If a set $A$ is finite then $A\cap B$ is a finite set.

Question

Background:

Theorem - If $A\subseteq \mathbb{N}_n$ then $A$ is a finite set and $|A|\leq n$.

Question:

Let $A$ be a finite set and $B$ be some set. If $A$ is a finite set, then $A\cap B$ is a finite set.

Attempted proof:

Let $A$ be a finite set and let $C = A\cap B$. If $C = \emptyset$ then $C$ is finite.
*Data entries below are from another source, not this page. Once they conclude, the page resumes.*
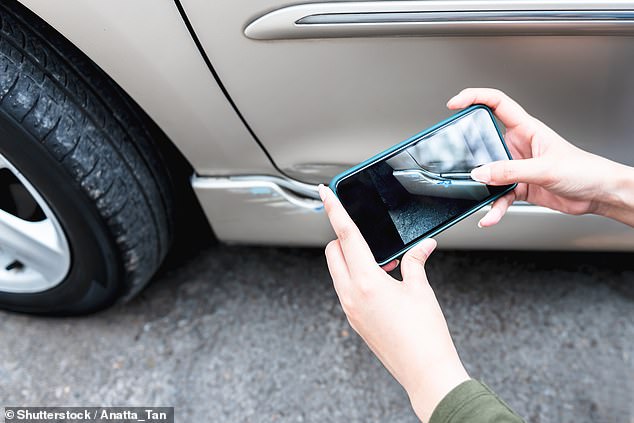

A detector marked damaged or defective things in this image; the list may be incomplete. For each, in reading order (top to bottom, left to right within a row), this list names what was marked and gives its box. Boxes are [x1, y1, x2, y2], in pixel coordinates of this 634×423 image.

dent on car door [174, 0, 632, 186] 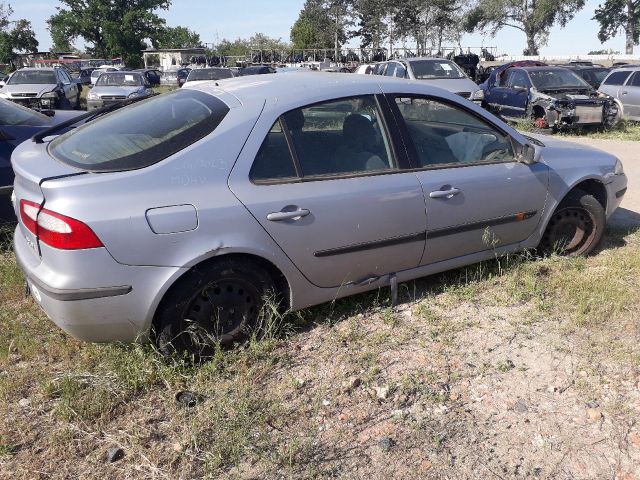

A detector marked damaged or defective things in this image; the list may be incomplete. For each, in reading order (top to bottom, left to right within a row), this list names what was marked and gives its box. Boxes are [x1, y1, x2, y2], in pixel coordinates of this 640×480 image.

damaged car [484, 65, 620, 130]
wrecked car [484, 65, 620, 130] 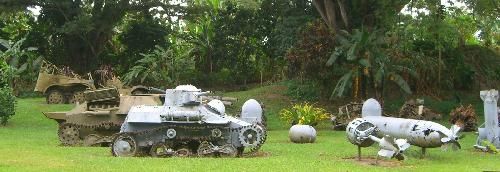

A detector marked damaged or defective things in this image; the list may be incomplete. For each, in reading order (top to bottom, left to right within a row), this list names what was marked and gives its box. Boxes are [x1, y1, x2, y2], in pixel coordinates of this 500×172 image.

rusted tank [43, 88, 163, 146] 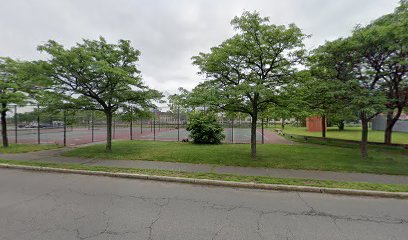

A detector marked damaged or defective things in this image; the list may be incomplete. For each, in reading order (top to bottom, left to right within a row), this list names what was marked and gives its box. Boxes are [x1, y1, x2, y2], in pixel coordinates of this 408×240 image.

cracked asphalt [0, 169, 406, 240] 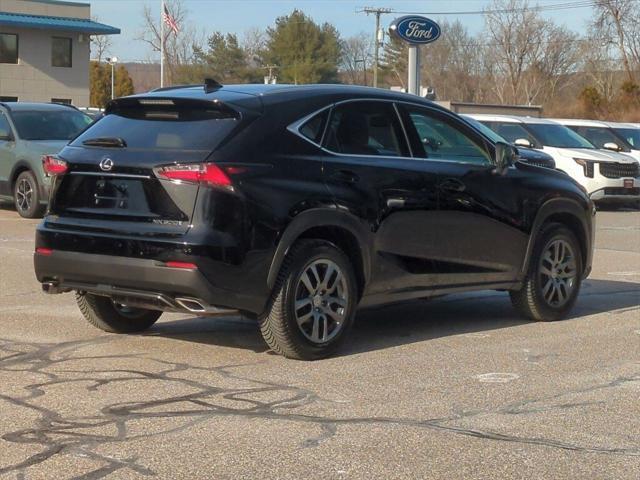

Suppose $C \neq \emptyset$, since $C\subseteq A$, the set $A\neq \emptyset$ and there exists $k\in\mathbb{N}_k$ such that $A\sim \mathbb{N}_k$. That is, there exists $k\in\mathbb{N}$ and there exists a one-to-one correspondence $f:A\to\mathbb{N}_k$. The restriction of $f$ on the set $C$ $f|_C$ is a one-to-one function from $C$ onto $f(C)$. Therefore, $C\sim f(C)$. By theorem above, some $f(C)$ is a subset of $\mathbb{N}_k$, $f(C)$ is a finite set therefore since $C\sim f(C)$, $C$ is finite as well.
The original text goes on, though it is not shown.